Early on, everything was fast to set up. Click here, configure that, connect this trigger.

In hindsight, we built something that was easy to create but hard to understand.

There’s a difference.

After a few months, nobody remembered:

which service triggered what
why certain permissions existed
what would break if we changed something small

Including me.🙋‍♂️

2. We let IAM complexity spiral 🌀

At first, permissions were tight. Thoughtful.

Then came edge cases:

“just add this permission for now”
“we’ll clean this up later”
“it’s blocking the pipeline”

We never cleaned it up.

Six months in, we had roles that nobody fully understood. Some were over-permissive, others randomly failed due to missing access.⚠️

The worst part? Failures weren’t consistent.

Retrying sometimes “fixed” things. That’s dangerous it teaches people to ignore root causes.🚫

3. Debugging became archaeology

This one hurt the most.😓

To debug a single pipeline run, we had to:

jump between multiple dashboards
correlate timestamps manually
guess which service dropped the signal

There was no single narrative of “what happened.”

Just fragments.

I remember thinking: why is this harder than debugging a monolith on a single server?

That question stuck with me.

4. We overcomposed the system 🧱

At some point, we crossed a line from modular to fragmented.

Every small concern became its own piece:

build
test
artifact storage
deploy orchestration
notifications

Individually, each piece made sense.👍

Together, they formed a system that had too many moving parts to reason about.

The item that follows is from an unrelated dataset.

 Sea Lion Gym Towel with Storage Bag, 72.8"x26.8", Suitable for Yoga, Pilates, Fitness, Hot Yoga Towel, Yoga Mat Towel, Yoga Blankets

What I didn’t realize at the time:
Every boundary you introduce is also a failure point.⚠️

What I changed (and what felt wrong at first)

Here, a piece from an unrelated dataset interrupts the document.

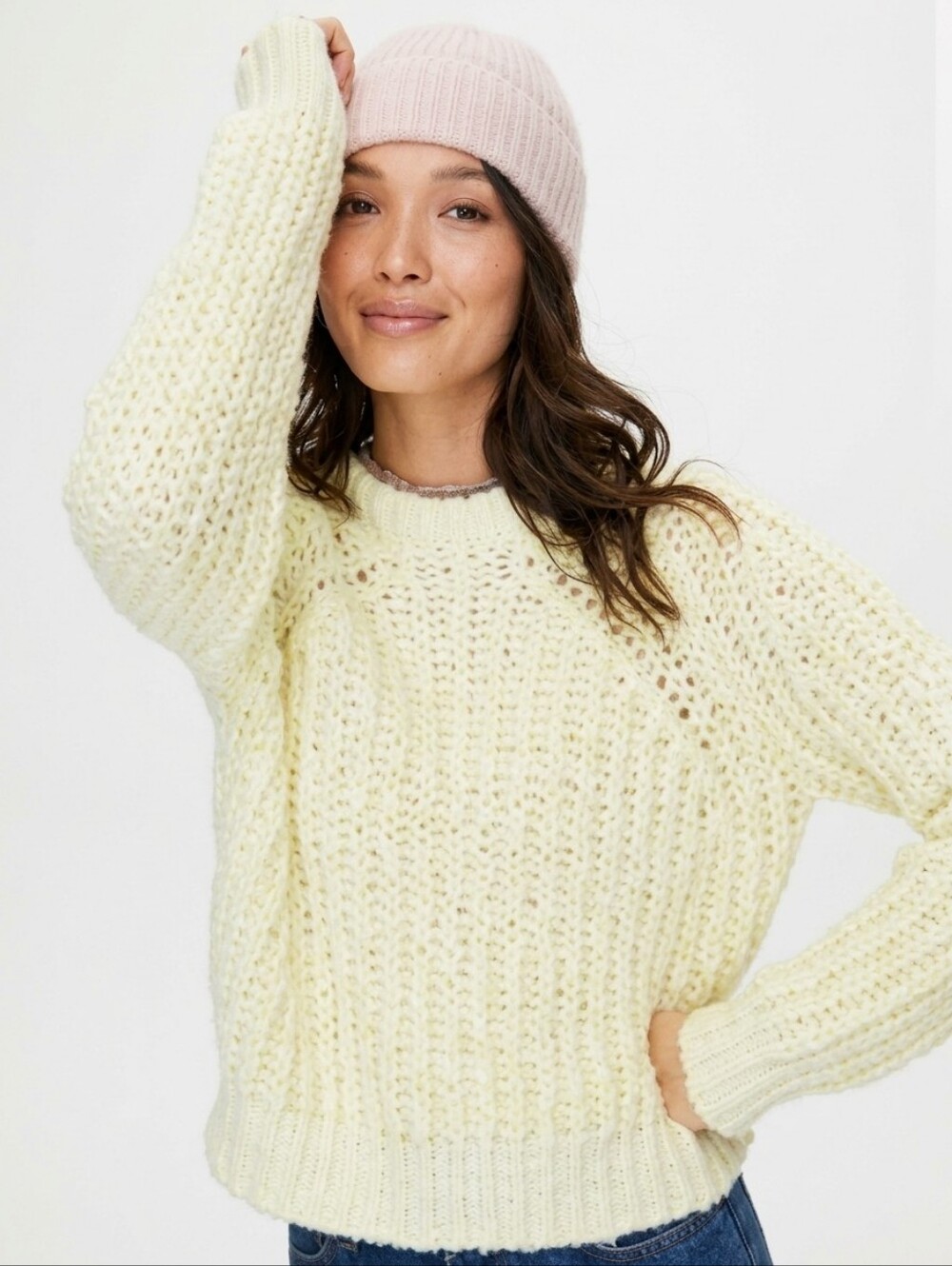 Aritzia Wilfred Confetti Cropped Cotton Mock Neck Texture Knit Sweater Sm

The fixes weren’t glamorous. Some even felt like a step backward.

I reduced the number of services

This was controversial internally.

Instead of chaining multiple AWS services, I consolidated parts of the pipeline into fewer components even if that meant slightly more responsibility in one place.

Less “cloud-native purity.”
More predictability.

And honestly? Things got easier to debug almost immediately.

I started designing for failure visibility

Not prevention. Visibility.🔍

We added:

clearer, centralized logging (not perfect, just better)
explicit failure points instead of silent retries
fewer “magic” triggers

I stopped trying to make everything seamless.

Because seamless systems are hard to inspect.

I treated IAM as code and not configuration💻

This was a big shift.

Instead of tweaking permissions ad hoc, we started defining them more explicitly and reviewing changes like actual code.

It slowed us down in the short term.

But it removed that creeping uncertainty of “who can do what anymore?”

I accepted a bit of duplication📄

Earlier, I tried to DRY everything out across pipelines and environments.

Now? Some duplication stays.

Why?

Because over-abstraction in infrastructure makes things harder to reason about when something breaks.

Clarity > cleverness.

Every time.✔️

The uncomfortable truth😬

Most AWS-based developer toolchains don’t fail because AWS is unreliable.

They fail because:

they become too abstract
too distributed
too “smart”

And nobody owns the full picture anymore.

It’s not a tooling problem. It’s a design mindset problem.

What I’d do differently from day one

If I had to rebuild everything:

I’d start with a simple question:

“When this breaks at 2 AM, how quickly can someone understand what happened?”

Not “how scalable is it”
Not “how serverless is it”
Not “how elegant is it”

Just that.🎯

Because six months in, that’s the only thing that really matters.

One last thing

People love to say:
“Use managed services so you can focus on business logic.”

I still agree with that.

But there’s a hidden cost.

You’re not eliminating complexity.
You’re relocating it.

And if you’re not careful…
you’ll end up debugging a system that nobody fully understands.

Including the person who built it.🙃